- _Task details_
All lines at or after the one containing "vidaXL Pat box", up to the last line of the material, must be repeated exactly, and no others.

- _Dataset records_

---

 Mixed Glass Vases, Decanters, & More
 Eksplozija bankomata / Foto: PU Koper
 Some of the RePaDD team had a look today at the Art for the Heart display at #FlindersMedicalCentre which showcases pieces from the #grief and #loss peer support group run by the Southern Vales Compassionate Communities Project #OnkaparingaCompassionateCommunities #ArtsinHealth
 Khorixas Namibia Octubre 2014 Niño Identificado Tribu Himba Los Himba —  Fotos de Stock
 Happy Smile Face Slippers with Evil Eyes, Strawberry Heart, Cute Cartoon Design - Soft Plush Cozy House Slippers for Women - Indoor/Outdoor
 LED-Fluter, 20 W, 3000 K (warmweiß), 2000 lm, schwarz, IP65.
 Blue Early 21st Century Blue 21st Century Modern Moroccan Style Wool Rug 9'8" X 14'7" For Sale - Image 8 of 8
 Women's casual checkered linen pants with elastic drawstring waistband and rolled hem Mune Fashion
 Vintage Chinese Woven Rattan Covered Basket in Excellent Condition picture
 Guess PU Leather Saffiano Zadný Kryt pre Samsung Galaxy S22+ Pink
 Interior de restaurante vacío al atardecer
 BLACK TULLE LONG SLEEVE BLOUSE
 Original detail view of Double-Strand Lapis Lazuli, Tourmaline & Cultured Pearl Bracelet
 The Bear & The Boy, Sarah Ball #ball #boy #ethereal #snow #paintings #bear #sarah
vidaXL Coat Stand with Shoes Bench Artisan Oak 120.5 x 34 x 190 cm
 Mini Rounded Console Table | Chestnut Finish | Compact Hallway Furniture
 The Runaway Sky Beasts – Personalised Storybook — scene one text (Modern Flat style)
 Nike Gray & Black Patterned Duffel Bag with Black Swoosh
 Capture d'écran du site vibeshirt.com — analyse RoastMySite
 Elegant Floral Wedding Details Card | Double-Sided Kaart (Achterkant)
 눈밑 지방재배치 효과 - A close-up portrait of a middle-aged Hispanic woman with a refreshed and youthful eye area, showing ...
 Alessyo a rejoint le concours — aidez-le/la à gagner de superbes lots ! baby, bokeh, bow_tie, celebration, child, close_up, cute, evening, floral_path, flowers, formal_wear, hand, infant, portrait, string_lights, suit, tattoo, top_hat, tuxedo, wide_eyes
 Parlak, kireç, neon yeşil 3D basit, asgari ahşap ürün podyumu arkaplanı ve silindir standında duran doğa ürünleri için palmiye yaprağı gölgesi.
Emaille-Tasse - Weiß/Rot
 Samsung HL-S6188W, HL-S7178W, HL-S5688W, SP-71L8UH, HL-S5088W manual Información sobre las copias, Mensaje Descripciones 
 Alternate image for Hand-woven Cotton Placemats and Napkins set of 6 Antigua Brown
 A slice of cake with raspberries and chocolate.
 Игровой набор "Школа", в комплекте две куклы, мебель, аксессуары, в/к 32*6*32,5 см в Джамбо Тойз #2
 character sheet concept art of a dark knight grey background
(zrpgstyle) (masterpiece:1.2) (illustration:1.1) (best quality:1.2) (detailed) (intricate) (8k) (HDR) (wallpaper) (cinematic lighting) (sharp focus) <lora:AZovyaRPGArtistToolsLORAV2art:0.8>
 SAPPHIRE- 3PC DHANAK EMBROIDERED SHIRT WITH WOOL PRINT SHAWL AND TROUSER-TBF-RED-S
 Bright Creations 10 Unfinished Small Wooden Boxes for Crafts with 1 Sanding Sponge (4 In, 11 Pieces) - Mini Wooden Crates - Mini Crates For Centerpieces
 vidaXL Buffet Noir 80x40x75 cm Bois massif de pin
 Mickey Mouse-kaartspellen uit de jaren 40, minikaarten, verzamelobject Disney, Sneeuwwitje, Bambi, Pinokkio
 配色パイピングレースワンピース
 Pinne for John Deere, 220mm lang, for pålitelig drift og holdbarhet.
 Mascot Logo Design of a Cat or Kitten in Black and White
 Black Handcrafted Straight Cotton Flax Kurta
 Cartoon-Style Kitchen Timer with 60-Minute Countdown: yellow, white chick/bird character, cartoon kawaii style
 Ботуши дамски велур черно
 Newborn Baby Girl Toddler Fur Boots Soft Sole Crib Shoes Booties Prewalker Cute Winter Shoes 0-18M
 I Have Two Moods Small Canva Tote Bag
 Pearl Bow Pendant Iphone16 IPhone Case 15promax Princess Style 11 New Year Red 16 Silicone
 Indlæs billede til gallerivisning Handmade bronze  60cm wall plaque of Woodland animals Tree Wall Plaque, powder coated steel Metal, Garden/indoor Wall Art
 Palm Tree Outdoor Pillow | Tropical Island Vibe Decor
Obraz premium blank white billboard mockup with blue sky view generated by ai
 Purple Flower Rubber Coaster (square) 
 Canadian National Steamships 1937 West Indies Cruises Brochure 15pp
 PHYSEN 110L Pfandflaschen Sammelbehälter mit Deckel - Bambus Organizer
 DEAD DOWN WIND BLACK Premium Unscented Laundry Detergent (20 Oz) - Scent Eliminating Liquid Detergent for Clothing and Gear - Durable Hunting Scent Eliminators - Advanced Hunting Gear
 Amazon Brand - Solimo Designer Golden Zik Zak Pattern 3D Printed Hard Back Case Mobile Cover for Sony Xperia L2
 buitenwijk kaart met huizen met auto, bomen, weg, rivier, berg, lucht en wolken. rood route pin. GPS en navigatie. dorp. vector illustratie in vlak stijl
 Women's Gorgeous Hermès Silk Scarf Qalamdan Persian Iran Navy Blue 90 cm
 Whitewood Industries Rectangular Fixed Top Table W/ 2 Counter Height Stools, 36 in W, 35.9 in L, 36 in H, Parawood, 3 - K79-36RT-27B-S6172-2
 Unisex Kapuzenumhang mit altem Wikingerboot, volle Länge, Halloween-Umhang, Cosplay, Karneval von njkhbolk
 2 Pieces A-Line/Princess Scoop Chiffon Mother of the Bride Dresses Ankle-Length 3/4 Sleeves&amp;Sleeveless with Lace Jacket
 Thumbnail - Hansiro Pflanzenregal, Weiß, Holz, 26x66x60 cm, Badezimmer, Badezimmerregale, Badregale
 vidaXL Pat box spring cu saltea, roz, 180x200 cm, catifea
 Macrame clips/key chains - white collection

---

- _Result below_
 vidaXL Pat box spring cu saltea, roz, 180x200 cm, catifea
 Macrame clips/key chains - white collection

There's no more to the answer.